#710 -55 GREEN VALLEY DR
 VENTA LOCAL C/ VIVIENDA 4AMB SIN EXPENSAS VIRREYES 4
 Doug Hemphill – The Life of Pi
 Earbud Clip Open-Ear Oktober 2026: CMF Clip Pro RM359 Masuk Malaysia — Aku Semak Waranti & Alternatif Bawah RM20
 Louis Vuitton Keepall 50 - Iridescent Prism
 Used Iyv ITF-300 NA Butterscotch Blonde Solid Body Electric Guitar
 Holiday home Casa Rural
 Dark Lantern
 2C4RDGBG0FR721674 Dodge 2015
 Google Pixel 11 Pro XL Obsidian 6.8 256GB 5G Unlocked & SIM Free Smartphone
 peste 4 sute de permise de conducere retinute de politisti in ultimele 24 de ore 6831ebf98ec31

• Problem description
Starting from the first line above, copy the data through to the last line exactly.

• Solution
#710 -55 GREEN VALLEY DR
 VENTA LOCAL C/ VIVIENDA 4AMB SIN EXPENSAS VIRREYES 4
 Doug Hemphill – The Life of Pi
 Earbud Clip Open-Ear Oktober 2026: CMF Clip Pro RM359 Masuk Malaysia — Aku Semak Waranti & Alternatif Bawah RM20
 Louis Vuitton Keepall 50 - Iridescent Prism
 Used Iyv ITF-300 NA Butterscotch Blonde Solid Body Electric Guitar
 Holiday home Casa Rural
 Dark Lantern
 2C4RDGBG0FR721674 Dodge 2015
 Google Pixel 11 Pro XL Obsidian 6.8 256GB 5G Unlocked & SIM Free Smartphone
 peste 4 sute de permise de conducere retinute de politisti in ultimele 24 de ore 6831ebf98ec31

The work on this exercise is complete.